These Black-owned breweries and wineries in the U.S. are changing the scene for the better, one delicious brew at a time

Written by
Karl Klockars
Shana Clarke

From restaurants and shops to Black-owned Airbnbs, it’s becoming easier to seek out Black-owned businesses across the USA. In a small but growing sector, Black-owned breweries and Black-owned wineries are gaining traction. 

Shockingly, Black-owned breweries in America make up less than one percent of the nearly 8,5000 craft breweries in the country, but these breweries are worth seeking out. Expect unique flavors such as African vanilla and Ghanaian honey, a celebration of African and African-American culture and support for social justice initiatives.

Black-owned wineries are few and far between, though our list includes standout producers. Whether born of a passion for wine or through longtime experience in the field, these California and Oregon wines can hold their own next to the big names. The wine industry lacks diversity on every level, but these producers are working to change that.

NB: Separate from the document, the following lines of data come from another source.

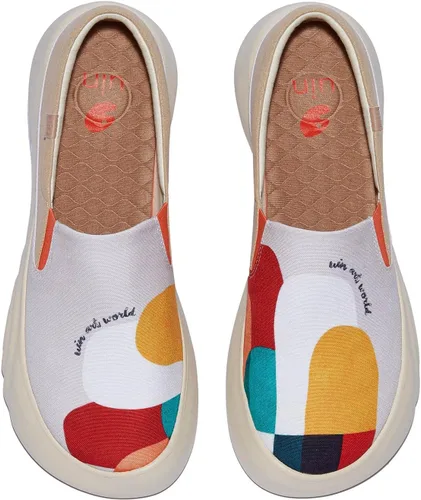 Vista 2 de UIN - Mocasines de mujer de tela, informales, ligeros, cómodos, a la moda, sin cordones, con estampado de arte chino, para caminar o ir de viaje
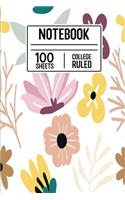 Notebook 100 Sheets College Ruled: 100 Page Notebook Or Journal For Professionals and Students, Teachers and Writers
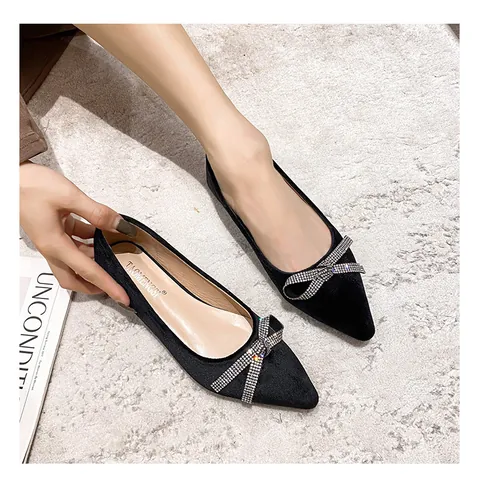 Women Pointed Toe Flat Shoes Velvet Rhinestone Bow Decorative Comfortable Slip On Ballet Flats For Work Commute Party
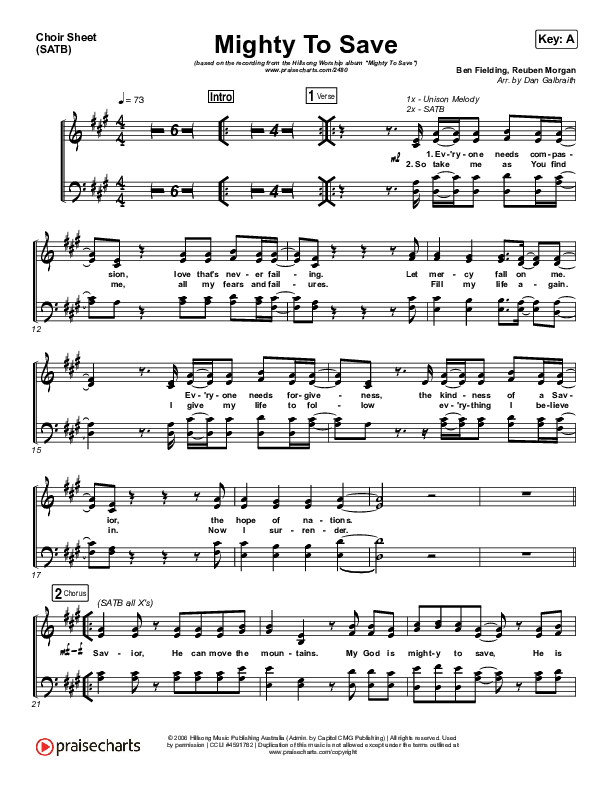 Mighty To Save Choir Sheet (SATB) (Hillsong Worship)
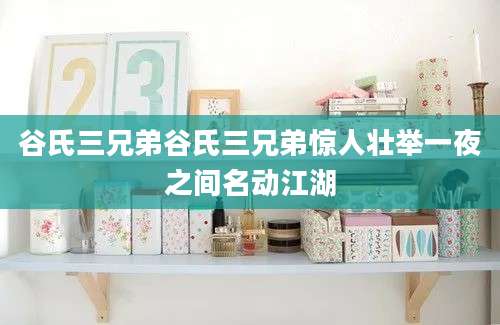 谷氏三兄弟谷氏三兄弟惊人壮举一夜之间名动江湖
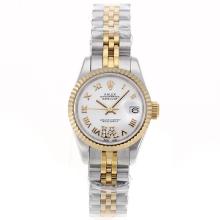 Rolex Datejust Swiss ETA 2671 Movement Two Tone Roman Markers with White Dial Lady Size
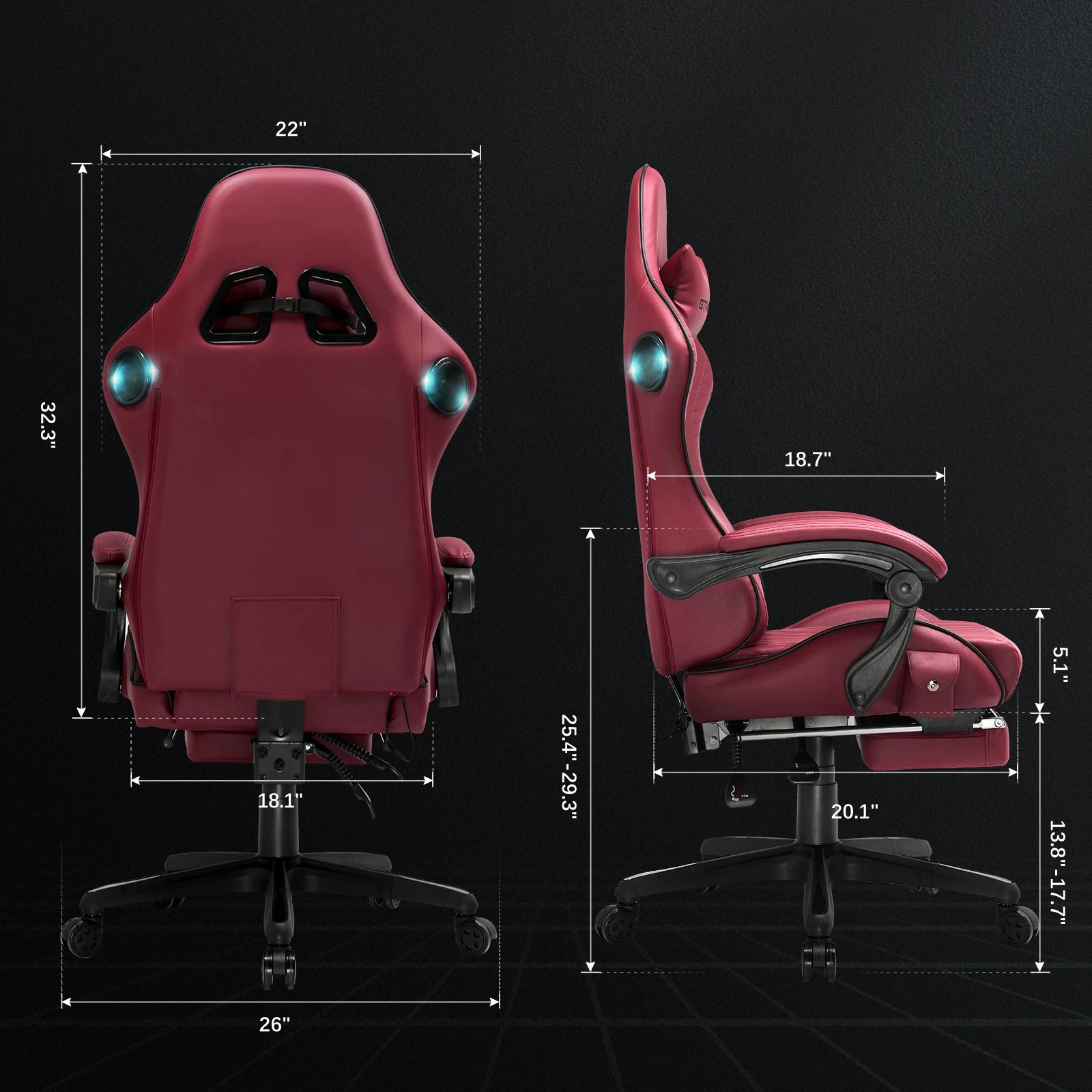 Swiveling Gaming Chair with Speakers and Footrest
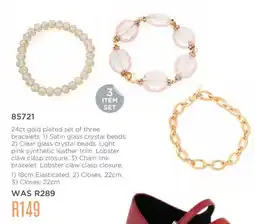 Honey Fashion Accessories Honey 24ct gold plated set of three bracelets offer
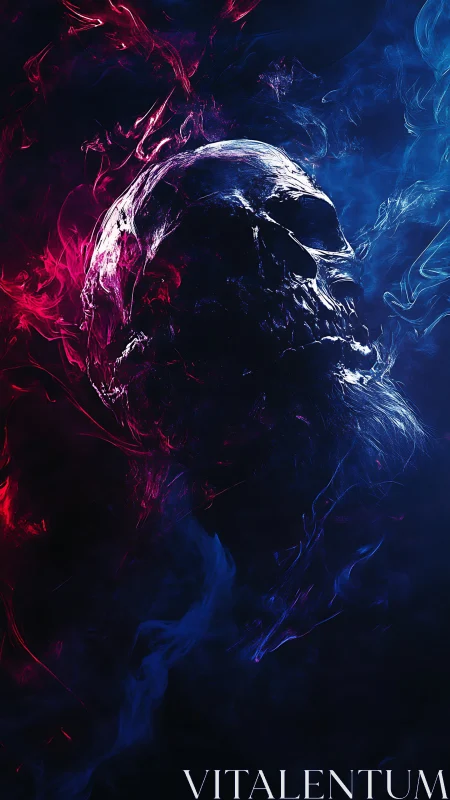 Smoke-forged skull drifts between neon red and electric blue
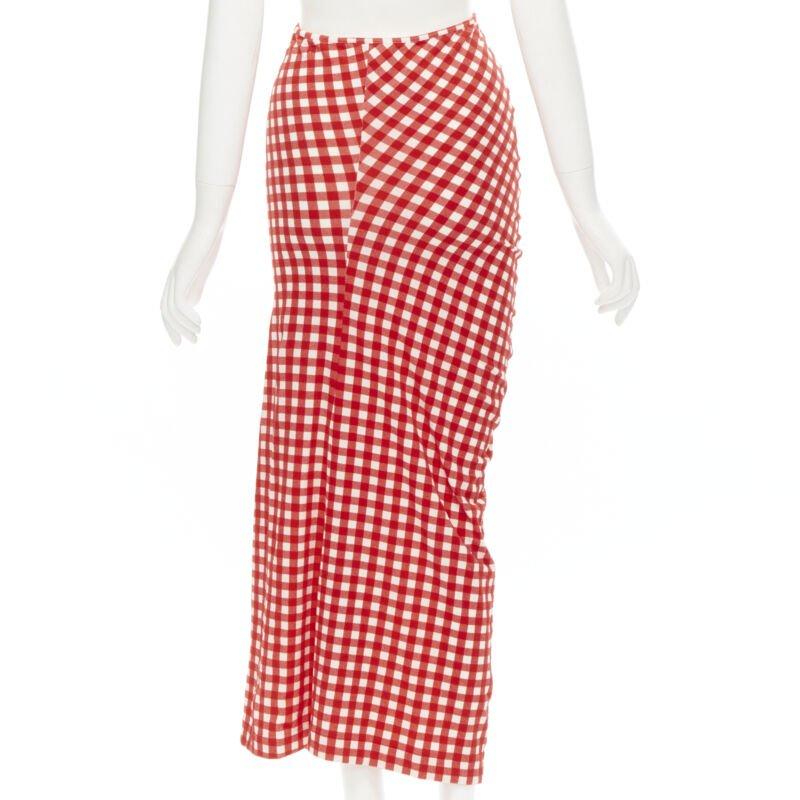 COMME DES GARCONS 1997 Vintage Lumps and Bumps gingham checked blue red set For Sale 3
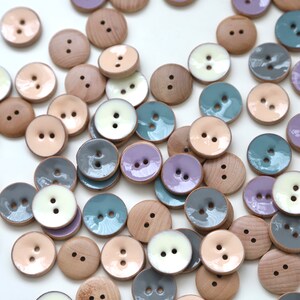 Enamelled Wooden Buttons - Peach, Cream, Blue, Grey, Lilac - 20mm/32 lignes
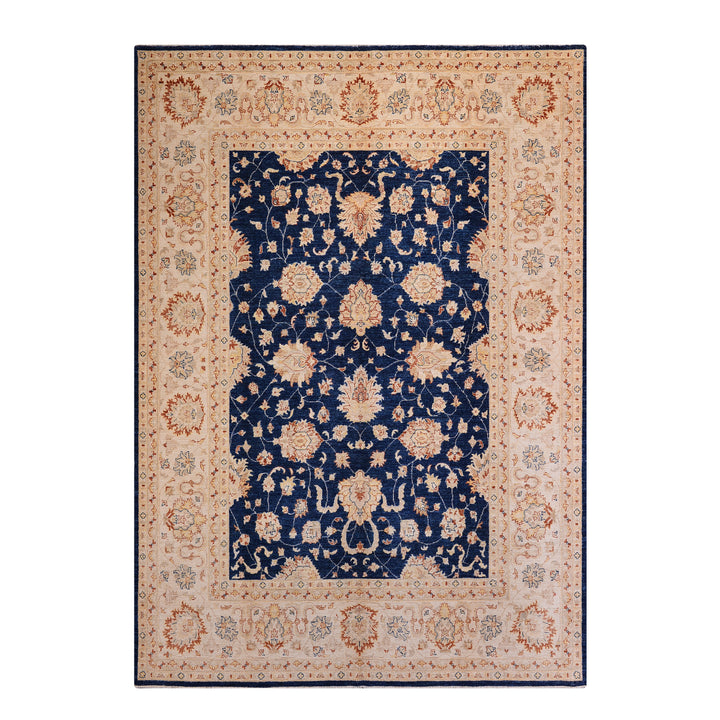 Uşak Original Handwoven Dark Blue and Cream Root Dye Wool Rug 240x300 cm (7.20 square meters) - 8x10 ft 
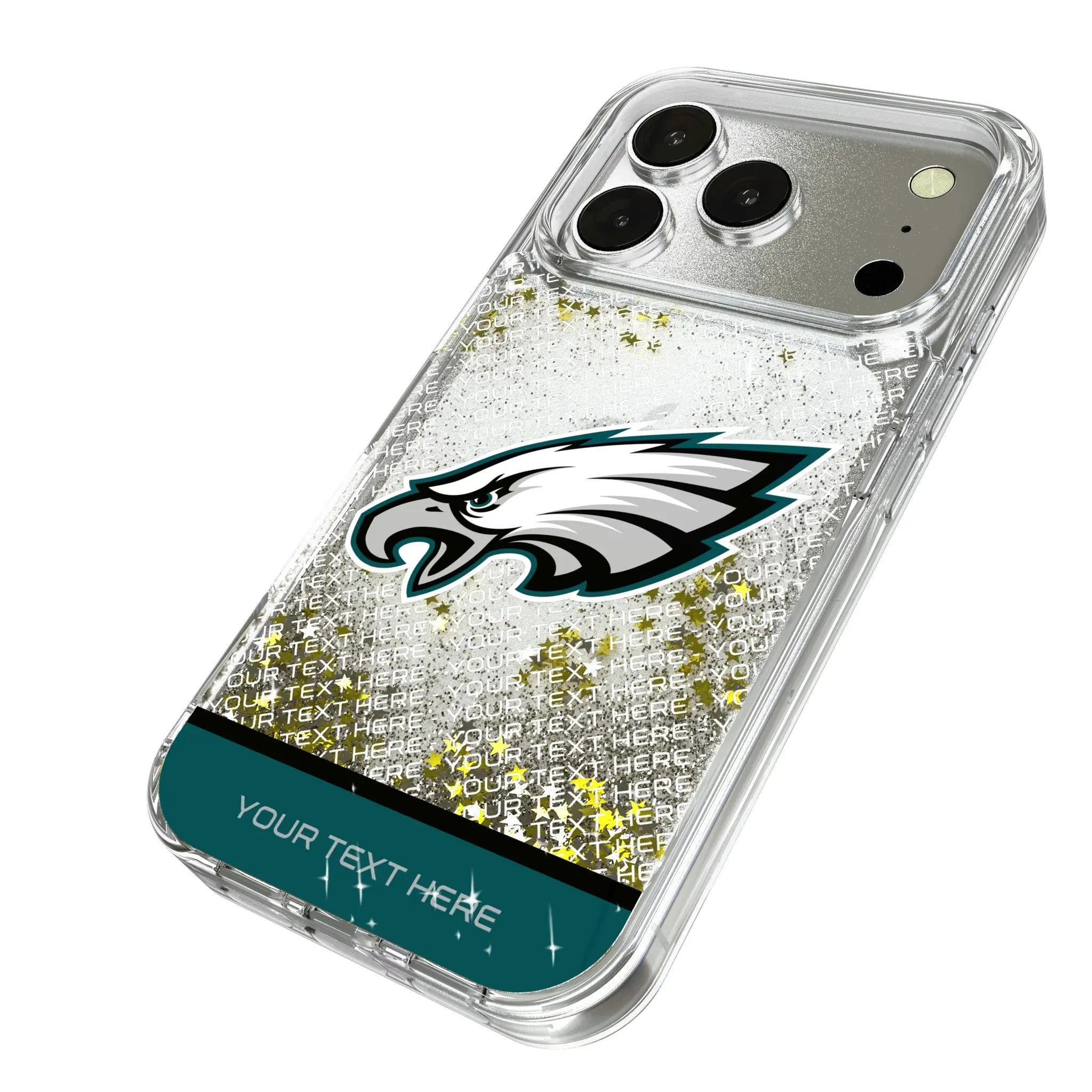 Philadelphia Eagles Personalized EndZone Plus iPhone Glitter Phone Case for Apple iPhone - Isometric View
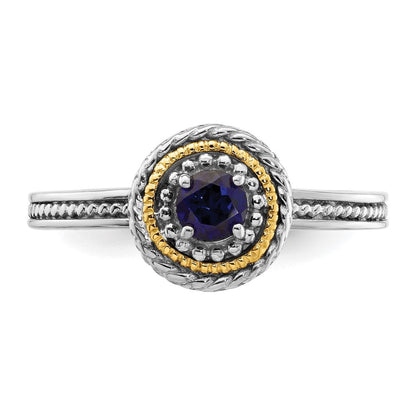 14K/silver Bicolor Sterlingsilber & 14K Stapelbar Expressions Erzeugt Saphir Ring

By supporting Black-owned breweries and wineries in the USA, we will see the industries become increasingly diverse, injecting fresh perspectives and flavors into the scene.

Black-owned breweries in the US

Owner Clarence Boston may be the most multifaceted brewery owner in America. After opening the first Hippin Hops location in April 2021 (the first brick-and-mortar Black-owned brewery in Georgia), he and his wife and co-owner Donnica expanded to two more facilities. Clarence, originally a mortician, was a homebrewer for years before launching Hippin’ Hops Brewery and Oyster Bar, whose menu is supplied in part by Boston’s own oyster bed in North Carolina.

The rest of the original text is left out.